Our main goal in developing visualization techniques for the Hurricane Isabel dataset is to engender better understanding of the underlying physical phenomenon. Our primary contribution is adapting a set of existing algorithms and devising an overall framework for applying them to the dataset. In particular, we applied several vortex detection algorithms to the time varying dataset in order to automatically identify the various parts of the hurricane. We then developed a framework to track the position of the hurricane across time, while computing both its translational velocity and maximum wind speed. Finally, we experimented with several volume rendering techniques to better understand some of the physical properties of the dataset.
In order to handle large-scale time-varying datasets, interactivity would be a nice feature to have; however, that's not the only viable option. In fact, automatic processing, where there is little or no user interaction required, is also a desired feature. The bottom line is that the user wants to expend as little time as possible handling the dataset, whether it's through fast interaction or no interaction.
Toward this end, we experimented with several existing vortex detection algorithms in order to automatically identify the various structures of the hurricane, starting from the central region.

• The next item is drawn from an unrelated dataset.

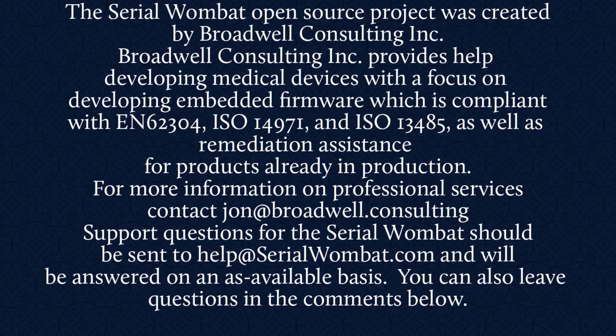Support requests for Serial Wombat should be sent to help at SerialWombat.com and will be answered on an as available basis. Also, feel free to leave your question in the comments below.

We applied four popular vortex detection algorithms to the dataset: combinatorial method (white), normalized helicity (magenta), lambda2 method (yellow), and swirl parameter (cyan). However, none of them worked properly for this dataset. One of the main reasons for this is because the eye of the hurricane -- the vortex core -- does not exhibit any kind of swirling motion.
To overcome the aforementioned problem, we developed a framework to automatically identify the central region of the hurricane. It utilizes a technique that detects vortices as regions of low pressure. In order to automate this process for all time steps, we introduced a local minimum velocity magnitude criterion. Thus the eye of the hurricane lies within a region of low pressure with a local minimum velocity magnitude.

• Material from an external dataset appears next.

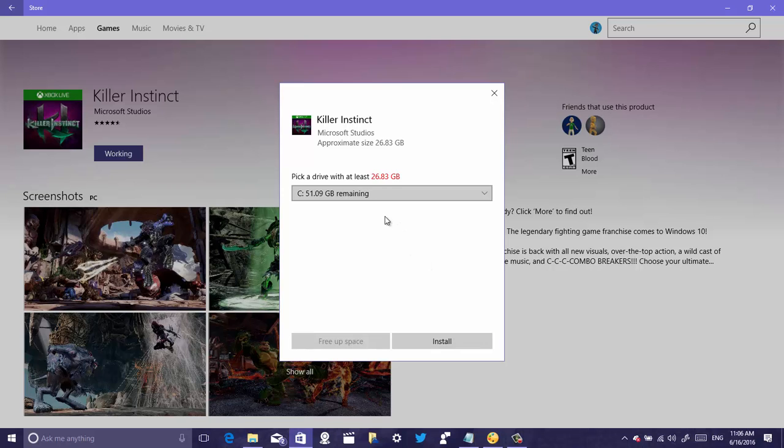Just like that, it will allow me to use any sort of external or secondary storage device to install the games. This will be the same for apps that take a lot of storage in your computer. Then just click install and that's where your app or game will reside.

The left figure below shows the results from applying this framework to the dataset at time step 48. An isosurface is extracted for the low pressure; the surface is colored using the velocity magnitude. What's unique about this framework is that it can correctly identify the central region of the hurricane without introducing any artifacts. The right figure below shows the results from performing hurricane tracking after automatically identifying the central region of the hurricane for all time steps. Iconic visualization is used to illustrate the path of the hurricane, the eye of the hurricane at each time step (the spheres), the translational velocity (the arrows), and the maximum wind speed (the colors).
We use volume rendering as a tool to visualize and explore three key components used in most vortex detection algorithms: velocity magnitude, vorticity magnitude, and complex eigenvalues. Emission only rendering shows the accumulation of attribute values in the viewing direction to give overall structural information about the scalar field. Maximum Projection can show hot spots where maximum values occur.

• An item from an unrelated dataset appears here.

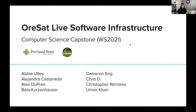Hi, everyone. We're the ORSAT Live Software Infrastructure Capstone team. I'm Umair Khan, and we also have Abby, Alejandro, Alex, Bela, Cameron, Chris D, and Chris Frenzla. We're excited to share what we've been working on over the last 20 weeks.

The figures below show the results from applying the emission only and maximum projection to time step 8 of the dataset. The top figure shows the results for the velocity magnitude. The hotspots correspond to regions where there is high wind speed. The middle figure shows the results for the vorticity magnitude. The hotspots correspond to regions where there are large amounts of local rotation -- this can be useful for interpreting where the hurricane is likely to be most destructive. To reinforce this notion, the bottom figure shows the results for the complex eigenvalues of the velocity gradient tensor. The emission only image shows two sets of spirals: the larger one surrounding the hurricane eye, and the smaller one surrounding the hotspots arising on top of Florida.